Jason Williams told the BBC Radio 4 Today programme the driver had “driven at speed – more than 40 mph”.
He added: “There was smoke coming out of the car. I have seen people on the ground, lying on the road. I don’t know if they have actually been hit by the vehicle or not.
“I saw at least 10 people lying down. I was told basically to move away, to run. I have run for my life.”
He said that “it looked deliberate… it didn’t look like an accident”. More than 10 police vehicles and at least three ambulances were at the scene outside Parliament.
Firearms officers and at least two police sniffer dogs have been searching the area.

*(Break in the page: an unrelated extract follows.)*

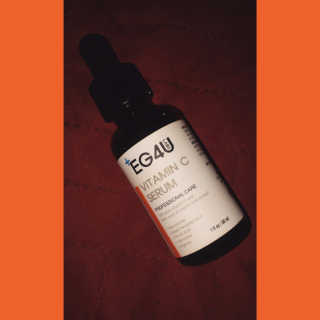 influensterxchelseaa님이 올린 리뷰 사진 1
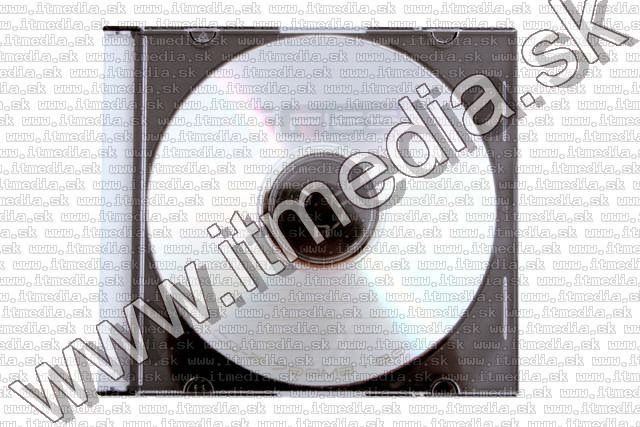 Image of Fiesta CD-R 52x SlimJC *Repack* (IT8193)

A bus driver who was driving past the scene at the time said he saw smoke coming out of the car.
Victor Ogbomo said: “I just stopped the bus. The police said we have to move back, then in less than five minutes the response team came.
“They went to the vehicle, so we had to push back. I saw the car in the barrier, I didn’t know how it got there.”
Ewalina Ochab, who also saw the crash, said: “I think it looked intentional – the car drove at speed and towards the barriers.”
She said: “I was walking on the other side of the road. I heard some noise and someone screamed. I turned around and I saw a silver car driving very fast close to the railings, maybe even on the pavement.”
The vehicle did not appear to have a front registration plate when it crashed, she added.
A London Ambulance Service spokesman said: “We have treated two people at the scene for injuries that are not believed to be serious and have taken them to hospital.”
Westminster station is closed for entry and exit, Transport for London said, and is open only for interchange between lines.
Rush hour traffic is being diverted and workers have been told there may be a long wait before roads are reopened.
The Supreme Court has also been closed to the public.
The Houses of Parliament are surrounded with security barriers of steel and concrete. The measures were extended in the wake of the Westminster Bridge attack in March 2017 when Khalid Masood ploughed a car into crowds on Westminster Bridge, killing four people.